The Flow Cytometer Instrument

Fluorochromes in Flow cytometry

What roles do Fluorochromes play in flow cytometry, how to choose the right Fluorochromes

Fluorescence and Fluorophore (Fluorochrome) Selection

Cell populations can sometimes be separated based on FSC and SSC, but cells can also be separated by whether they express a specific protein. In this case, a fluorophore is usually used to stain the protein of interest. Fluorophores used for the detection of target proteins emit light after excitation by a laser of compatible wavelength. These fluorescently stained cells or particles can be detected individually. Each type of fluorescent dye or label has its own characteristic excitation and emission spectrum which is important for designing flow cytometry experiments. There is a wide selection of fluorophores available nowadays; for example, FITC, PerCP, APC, PE, Cy5.5, Alexa Fluors, and more. Fluorescently conjugated antibodies have commonly been used to label specific structures on the cell for flow cytometric analysis.
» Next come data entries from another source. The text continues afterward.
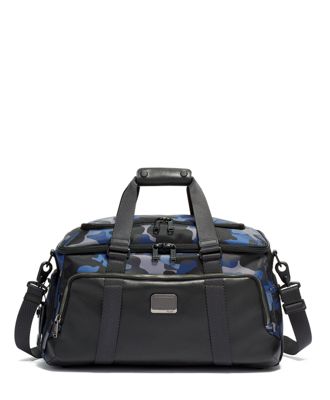 tumi luggage store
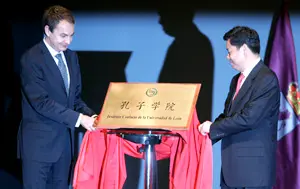 José Luis Rodríguez Zapatero descubre la placa del Instituto Confucio.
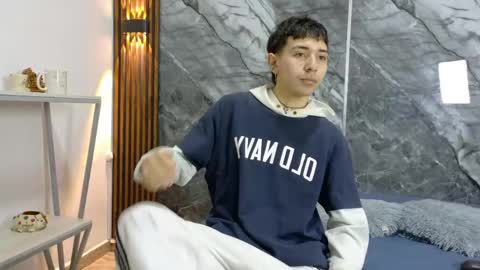 Snapshot of noahwalker__ chatting on 06-04-26, 11:05 online show from 06-04-26, 11:05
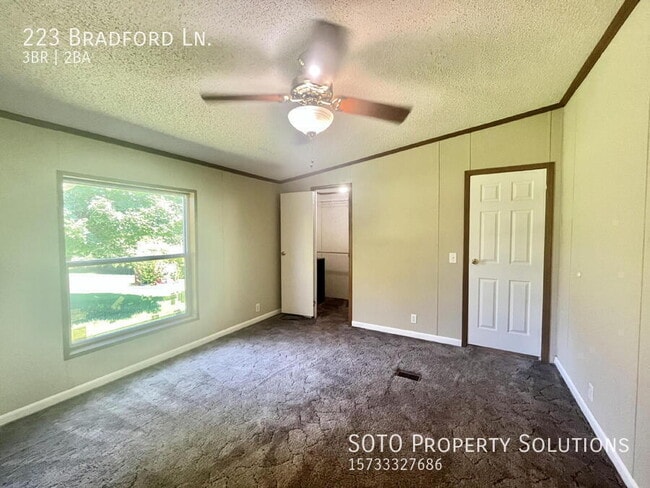 Building Photo - 223 Bradford Ln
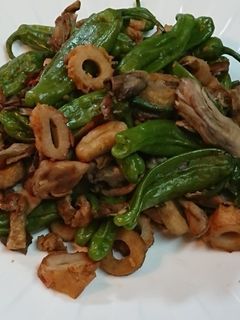 獅子唐と竹輪と舞茸の生姜醤油炒め-レシピのメイン写真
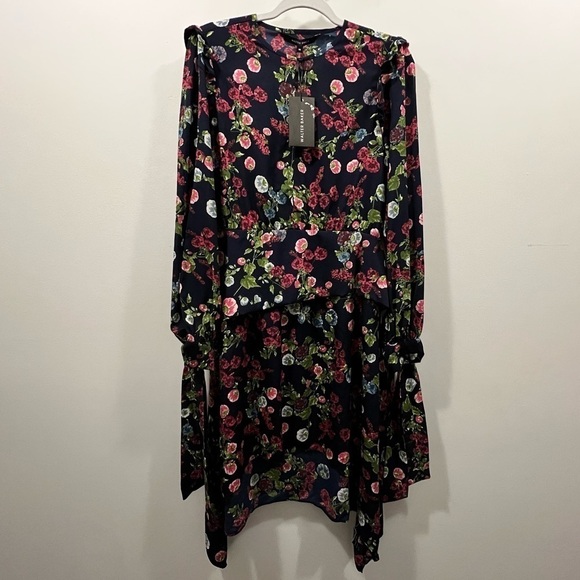 NWT WALTER BAKER Navy Blossom Andrea Dress - Picture 6 of 14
As the fluorescing cell (or particle) passes through the interrogation point and interacts with the laser beam, it creates a pulse of photon emission over time (a peak). These are detected by the PMTs and converted by the electronics system to a voltage pulse, typically called an "event". The total pulse height and area is measured by the flow cytometer instrument, and the voltage pulse area will correlate directly to the fluorescence intensity for that individual event. These events are assigned channel numbers based on its measured intensity (pulse area). The higher the fluorescence intensity, the higher the channel number the event is assigned. This signal can be amplified by increasing the voltage running through the PMT.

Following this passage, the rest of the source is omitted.